In previous years I have at this stage launched into a summary of what my training included, with a breakdown of distance, pace etc. I might still do this from time to time, but I’ve generally speaking decided against this this year. In fact, I haven’t used FitSnap or posted a picture of my pace or Garmin since last July. There’s nothing wrong with sharing this information with people – mine is still out there by the very nature of Garmin Connect – but I had slipped into the bad habit of thinking that I had something to prove with each run. I was defining the success of my runs by how I compared to other people and my previous posts. I am a grown woman with a job and two GFA marathon times under my belt – the fact that I felt this way was clearly bonkers.
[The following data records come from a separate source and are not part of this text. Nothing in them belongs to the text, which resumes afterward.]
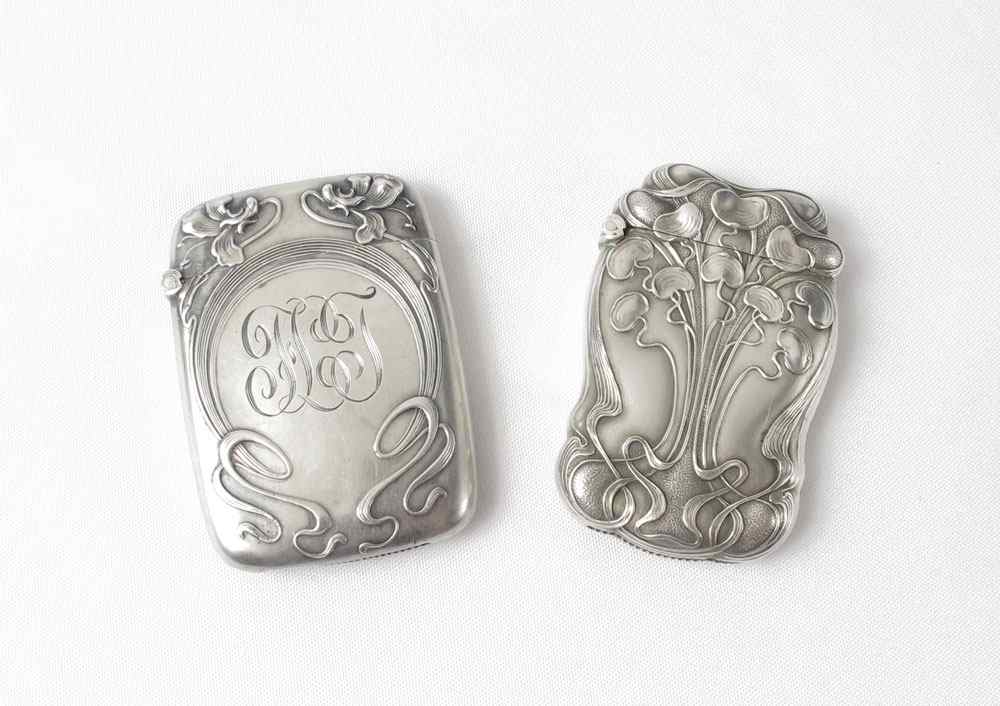 Appraisal: KERR ART NOUVEAU STERLING MATCH SAFES Both have art nouveau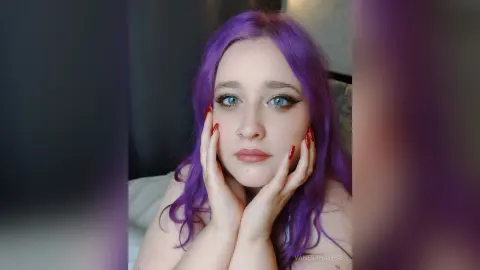 Young woman with purple hair and winged eyeliner posing with hands on face in a soft indoor setting.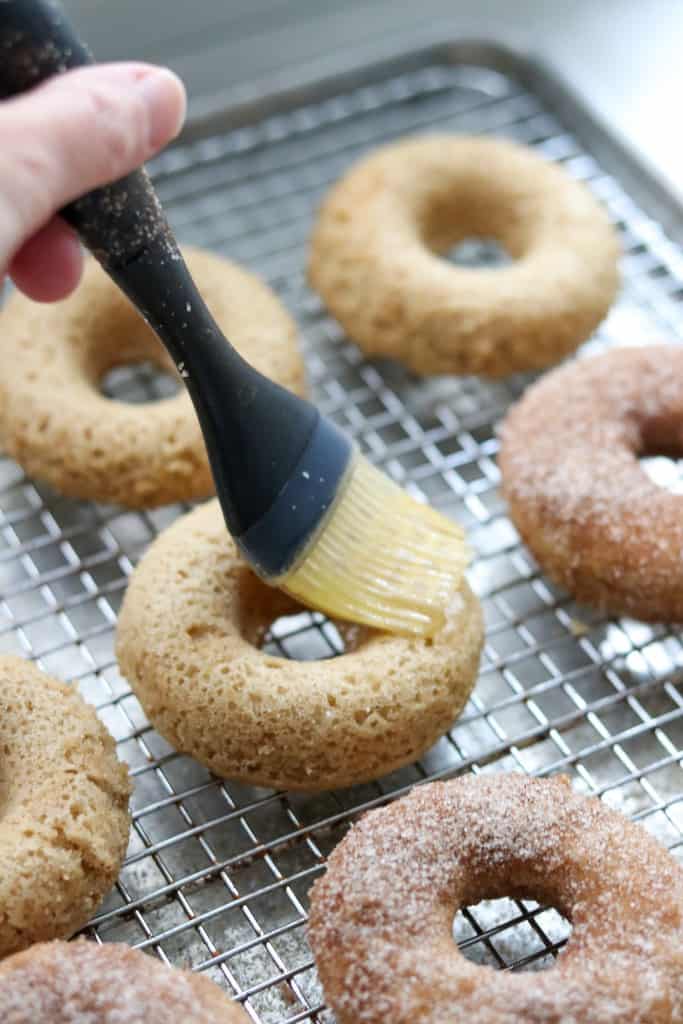 Close up of person brushing butter onto a donut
So, what I’m going to do instead is talk about my runs and describe what they were like. This means I’m instead going to be boring you all with details like I did 3.5 miles with my boyfriend in 32 MPH winds and thought I was going to be blown away, whereas in reality I just looked so minging I’m lucky I wasn’t dumped on the spot. Or I managed to go for a 4 mile steady run in Italy by myself without getting lost and instead just felt really great and comfortable – the gratuitous levels of pasta may have had something to do with that though.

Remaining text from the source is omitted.